[Start of section]
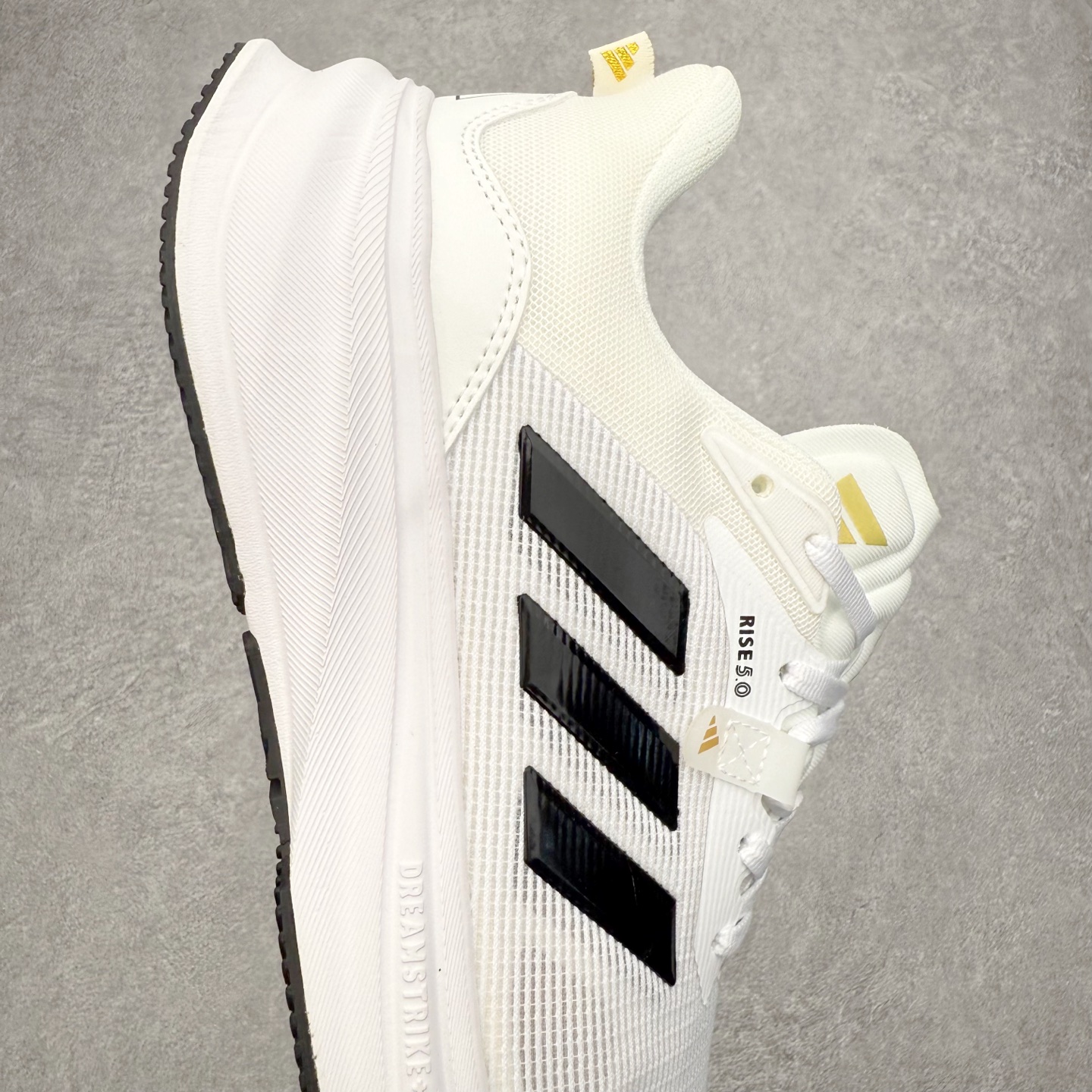 图片[6]-AD Supernova Rise 阿迪全新休闲轻跑鞋 款鞋采用了Dreamstrike+ 中底 将缓冲材质与柔软的织物相结合 以最大限度地减少刺激性摩擦和慢跑后水泡的可能性 在美学方面 Supernova Rise 从自然和生物中汲取灵感 如深色底色和半绿色细节 尺码：36 36.5 37.5 38 38.5 39 40 40.5 41 42 42.5 43 44 44.5 45-选品中心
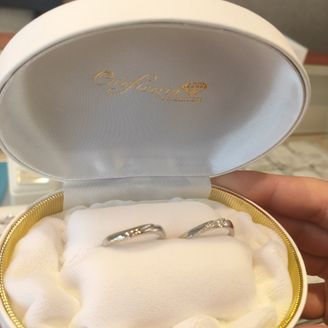 【 Oreficeria 高林(オレフィチェリーア タカバヤシ)】の口コミ ストレートではなくすこしウェーブで、細めのデザインでオーダーしました。...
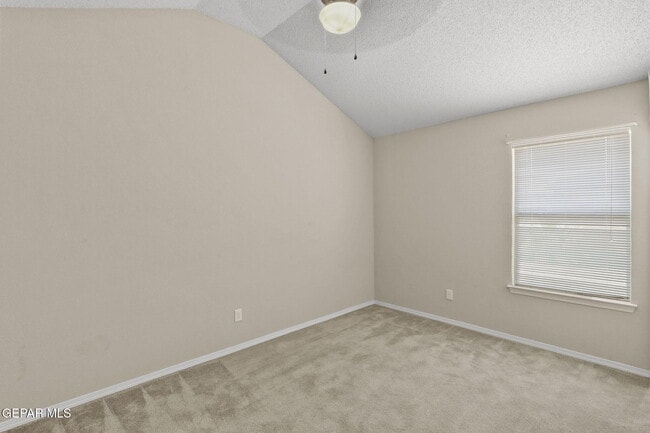 Building Photo - 2933 Pebble Rock Pl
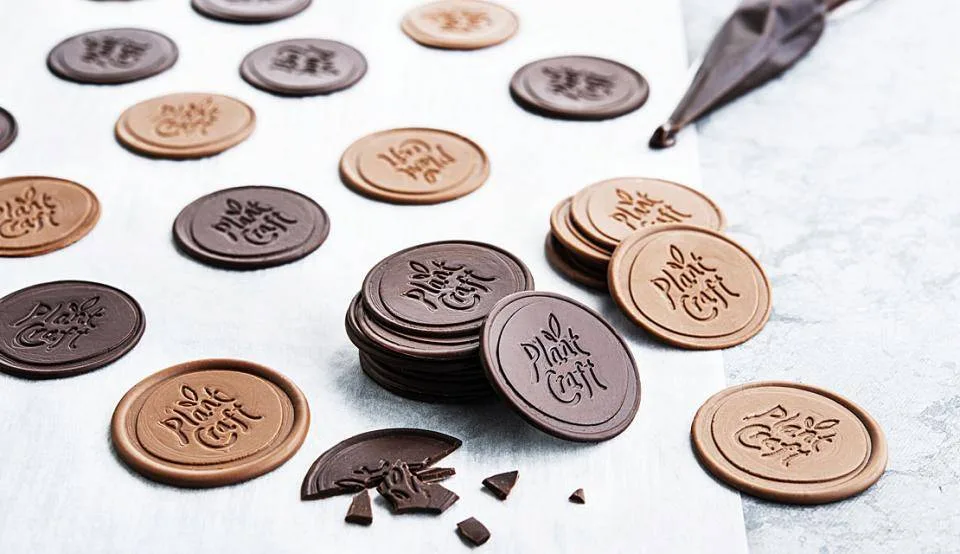 34a988fa398f1e9aca1d0d63063ef2ea61d584e3 Aus der neuen Fabrik soll auch vegane Schokolade in die Schweiz geliefert werden. (Bild barry-callebaut)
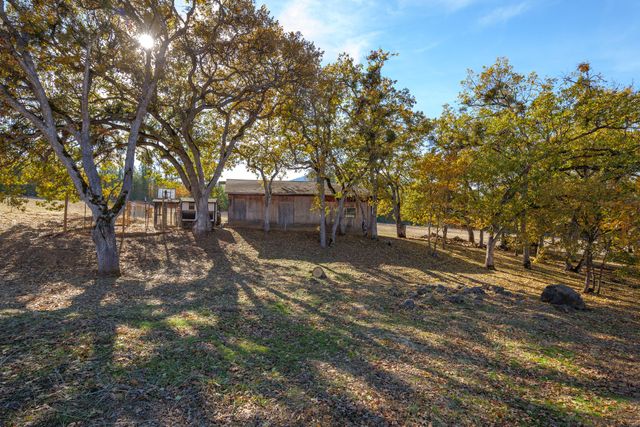 7499 Highway 238, Jacksonville, OR 97530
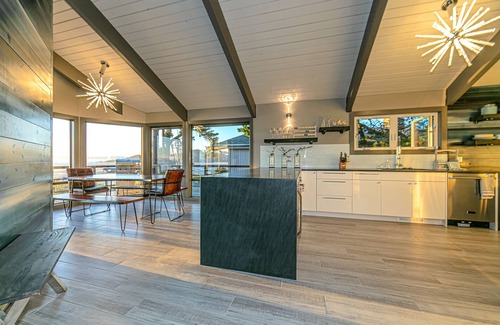 Newport House | Ocean Front Luxury-Best Views-Private beach access- Stunningly renovated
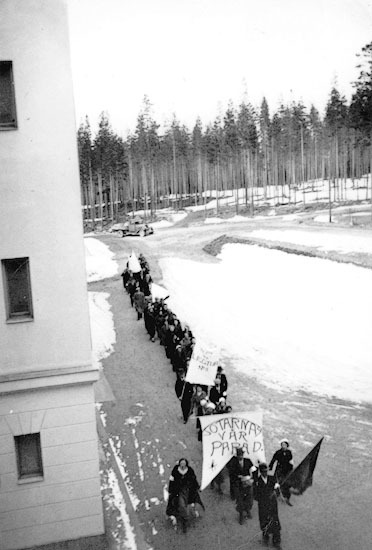 Första maj-demonstration, Hällnäs. 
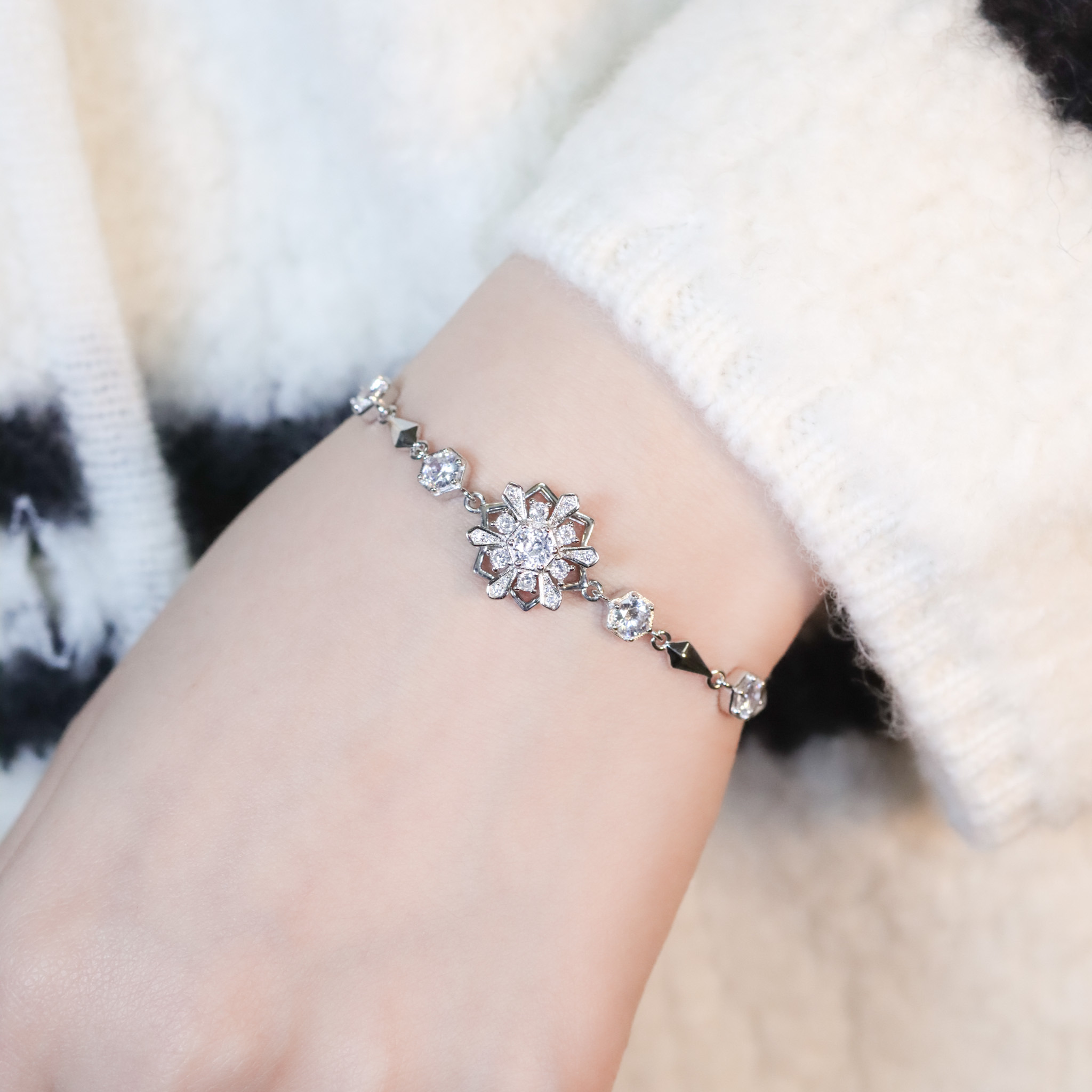 | 925純銀・厚鍍白金 | 漫雪不止軟手鐲（可旋轉） | BR1452 |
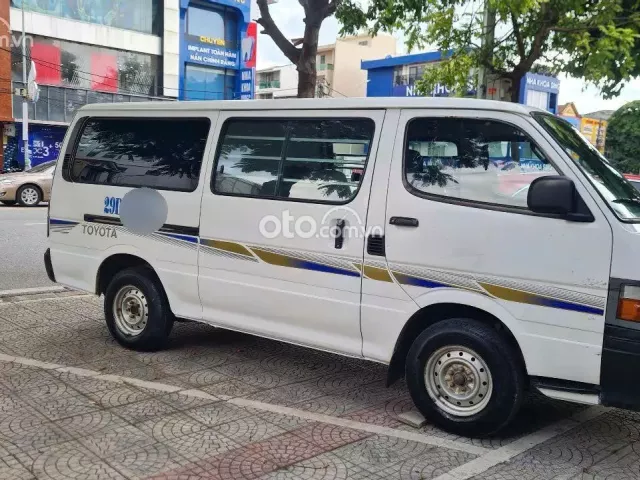 Toyota Hiace 2022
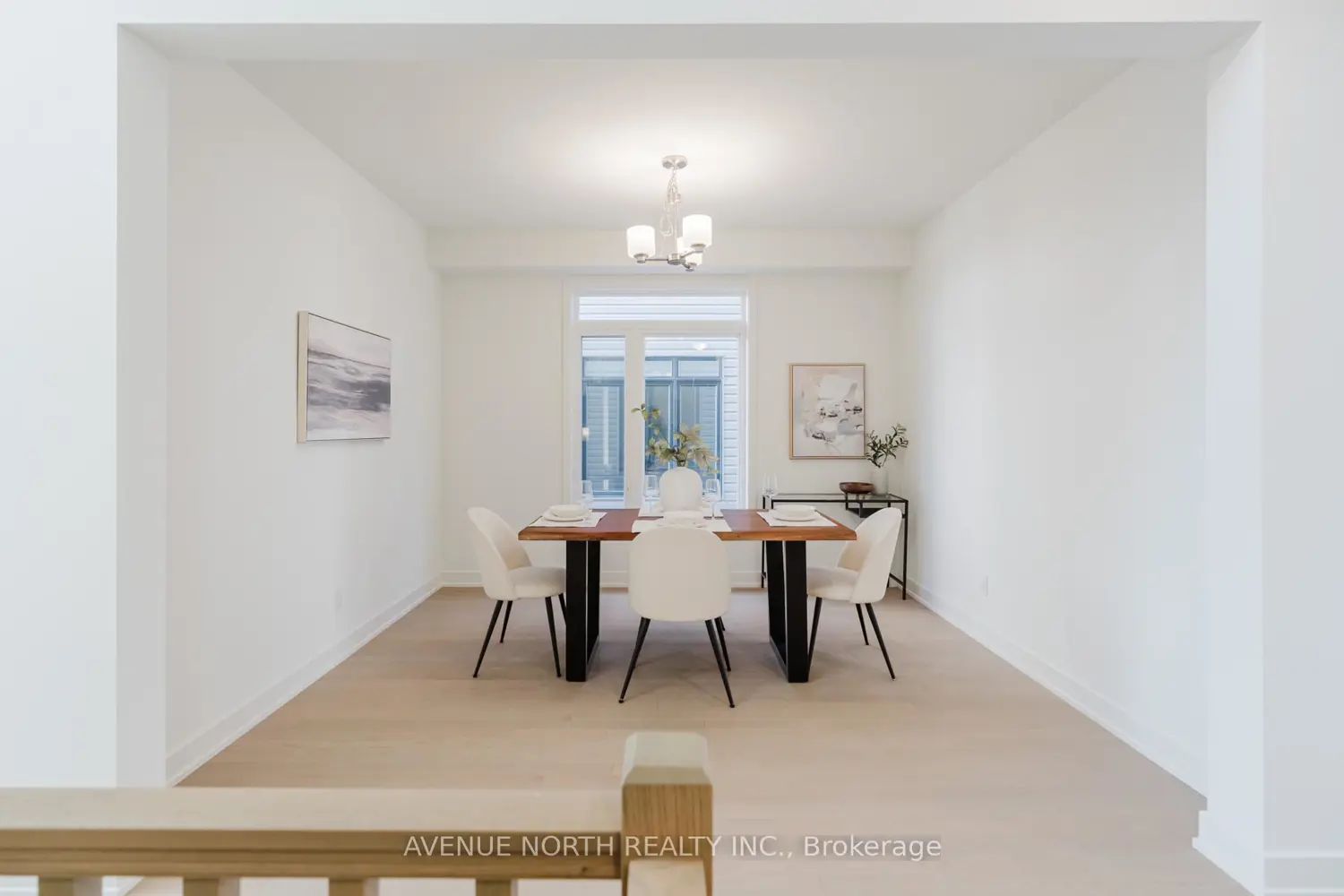 1729 Rotterdam Circle photo 4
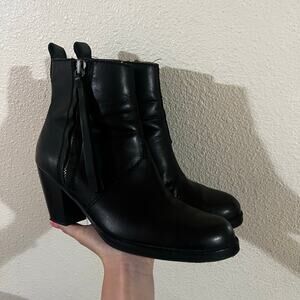 Acne Studios Pistol black leather zipper ankle boots booties 40 / US 10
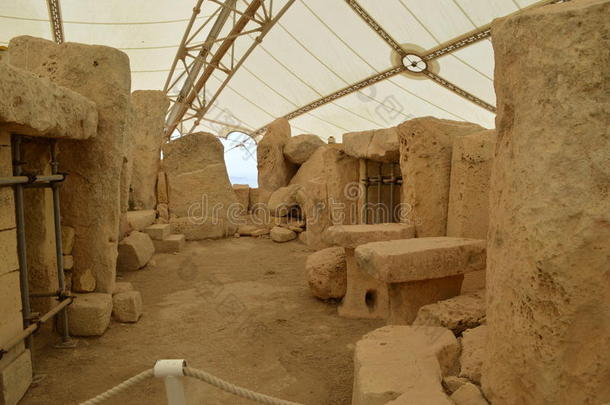 马耳他哈加尔齐姆新石器时代寺庙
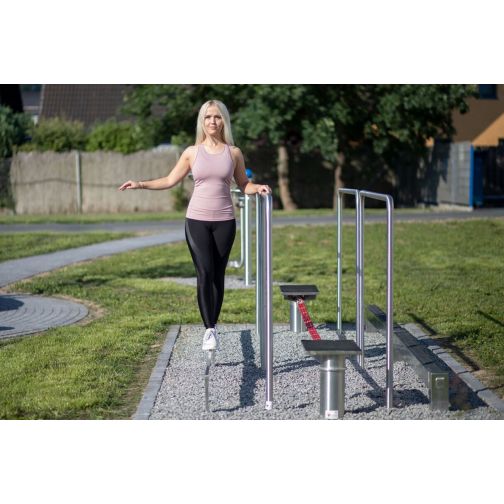 Art Outside® balance parkour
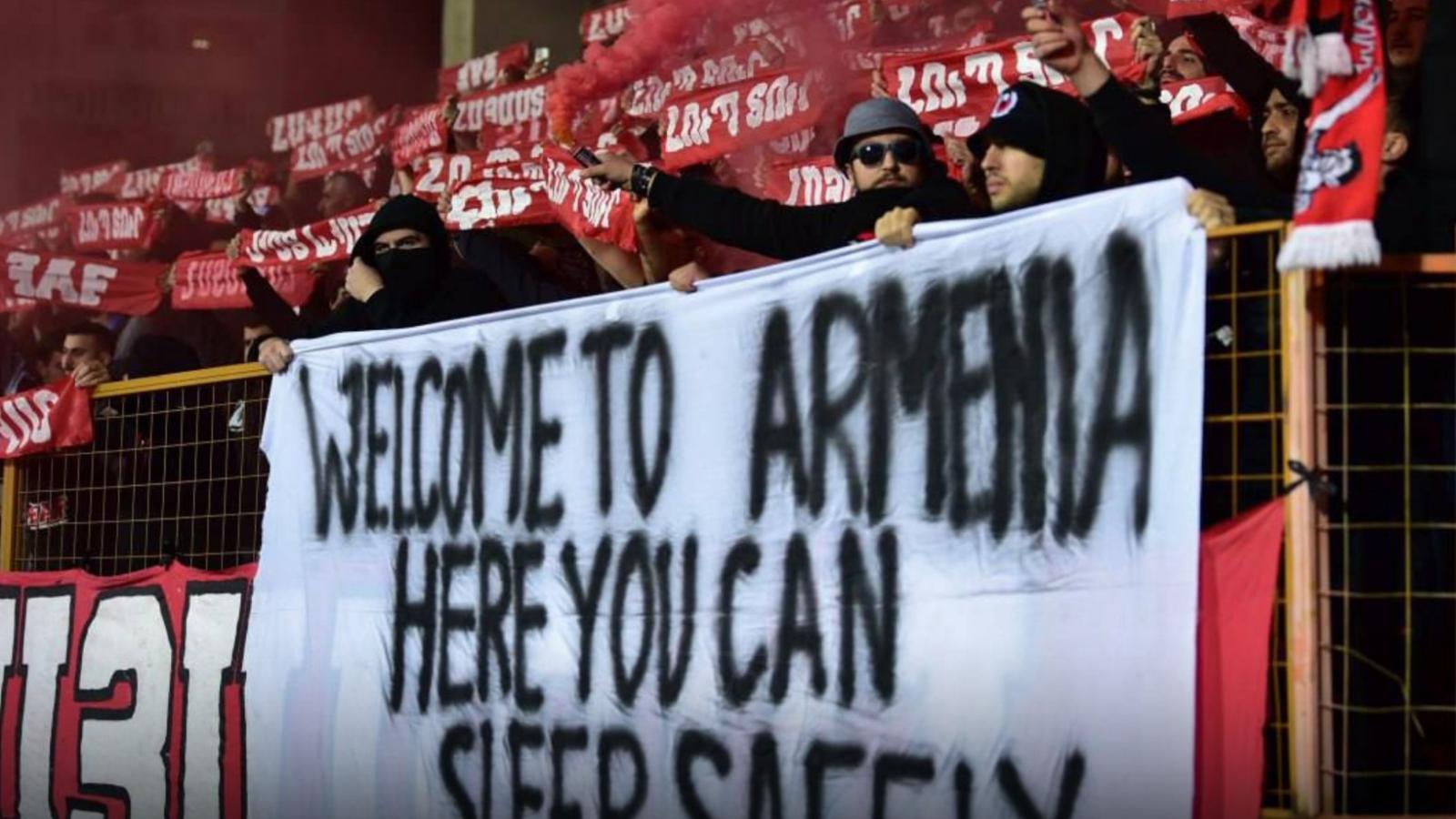 „Üdvözöljük Örményországban. Itt biztonságban alhat” – Az azeri baltás gyilkosra célozva üzentek az Orbán-kormánynak az örmény futballszurkolók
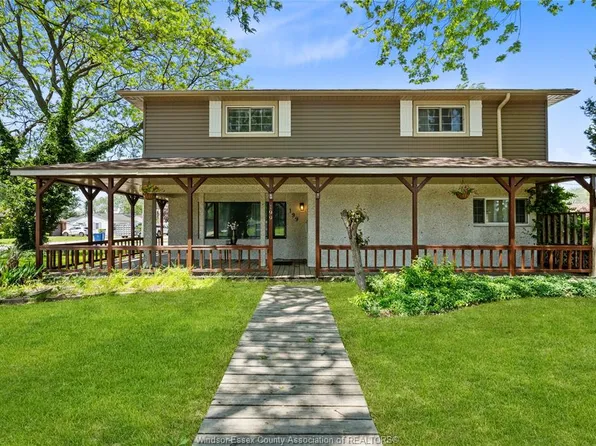 199 Sacred Heart Dr, Lasalle, ON N9J 1S6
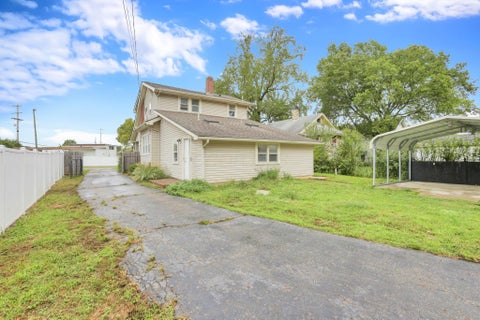 Tiny photo for 1615 Garling Avenue, Columbus, OH 43223 (MLS # 226036372)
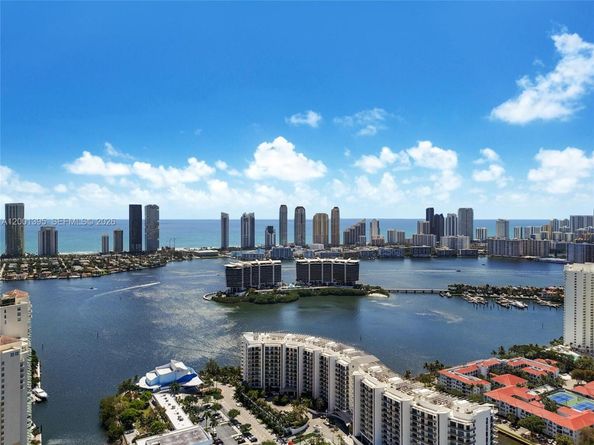3131 NE 188th St 1808, Aventura FL 33180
[End of section]
» **TASK REQUIREMENTS**
From the line containing "7499 Highway 238, Jacksonville, OR 97530" down to the end of the data above, reproduce each line exactly; no pictures.

» **EXERCISE ANSWER**
 7499 Highway 238, Jacksonville, OR 97530
 Newport House | Ocean Front Luxury-Best Views-Private beach access- Stunningly renovated
 Första maj-demonstration, Hällnäs. 
 | 925純銀・厚鍍白金 | 漫雪不止軟手鐲（可旋轉） | BR1452 |
 Toyota Hiace 2022
 1729 Rotterdam Circle photo 4
 Acne Studios Pistol black leather zipper ankle boots booties 40 / US 10
 马耳他哈加尔齐姆新石器时代寺庙
 Art Outside® balance parkour
 „Üdvözöljük Örményországban. Itt biztonságban alhat” – Az azeri baltás gyilkosra célozva üzentek az Orbán-kormánynak az örmény futballszurkolók
 199 Sacred Heart Dr, Lasalle, ON N9J 1S6
 Tiny photo for 1615 Garling Avenue, Columbus, OH 43223 (MLS # 226036372)
3131 NE 188th St 1808, Aventura FL 33180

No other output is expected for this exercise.